Las dos exposiciones hacen parte de sus más recientes proyectos, que giran en torno al mundo del cómic y a los universos visuales de figuras como Supermán, Tintín y Dick Tracy. Su nuevo estilo nació a comienzos de 2000 y se consolidó con El noticiero del siglo xx, una serie de pinturas estilo viñetas en las que Barrios recrea la historia del arte moderno y narra, a su manera, los principales hitos artísticos de los últimos años.
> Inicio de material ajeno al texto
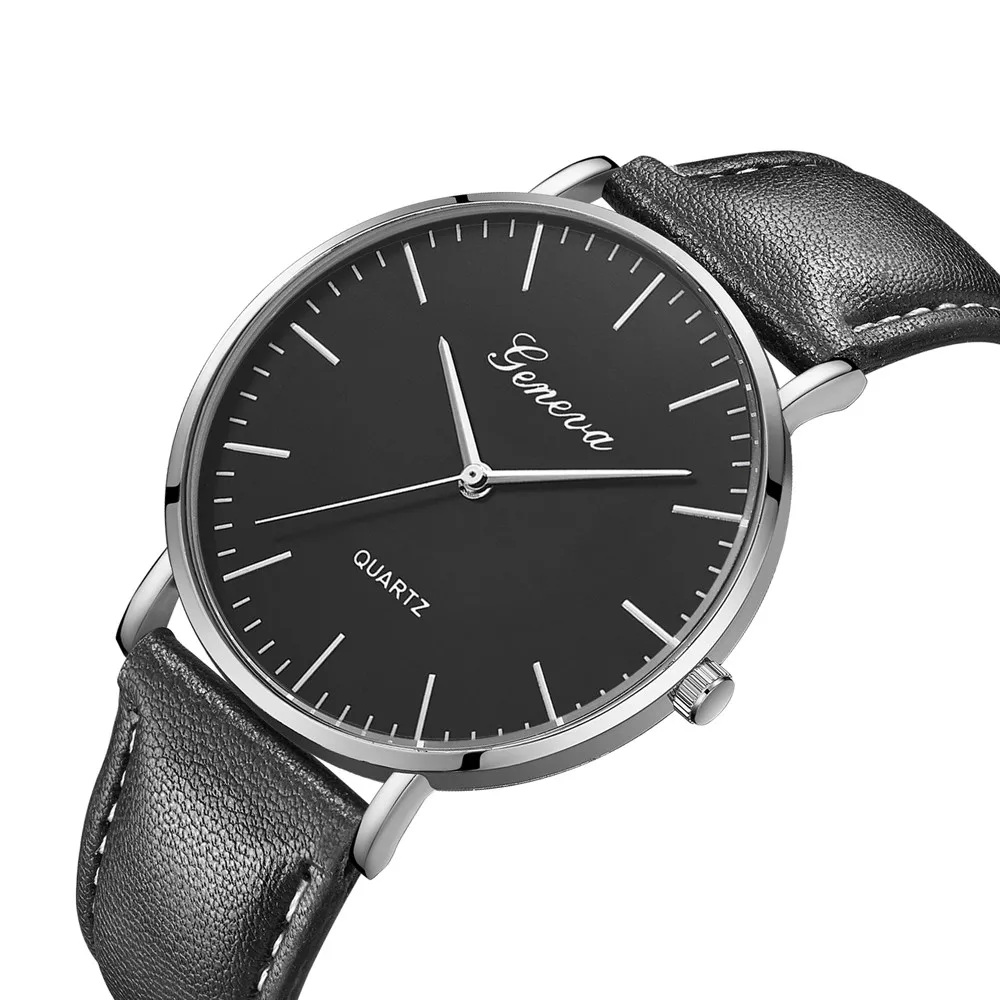 Женские Роскошные ультра-тонкие Geneva модные простые часы Женские Аналоговые кожаные кварцевые наручные часы для отдыха#501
El día después de nuestro encuentro en el Biffi nos vemos en su casa. Queda en un edificio antiguo, donde más de una enredadera de buganvilias se trepa por los muros blancos y las ventanas. En el apartamento todo es arte: cuadros, esculturas, libros y cientos de panteras de porcelana negra. Álvaro Barrios se sienta en la sala y me ofrece un té helado. Sus gafas son distintas a las del colegio. Me mira, expectante.

Giro la cabeza y veo el cuadro más grande de su apartamento: es uno de él, pintado en estilo de cómic y que muestra cómo una de las obras de Duchamp se estrella en la tierra, iluminándola. Le pregunto si volvió a los cómics por nostalgia a su infancia. Sorprendido, me observa: “No quiero volver a la niñez. Se trata, en cambio, de seguir siendo un niño. De niño no me acompañaron el celular o los juegos de video, sino las viñetas. Pero no se trata de nostalgia, es como si continuara en una especie de niñez personal”.


Una de las cajas que realizó en los años setenta: El beisbolista perdido (1975).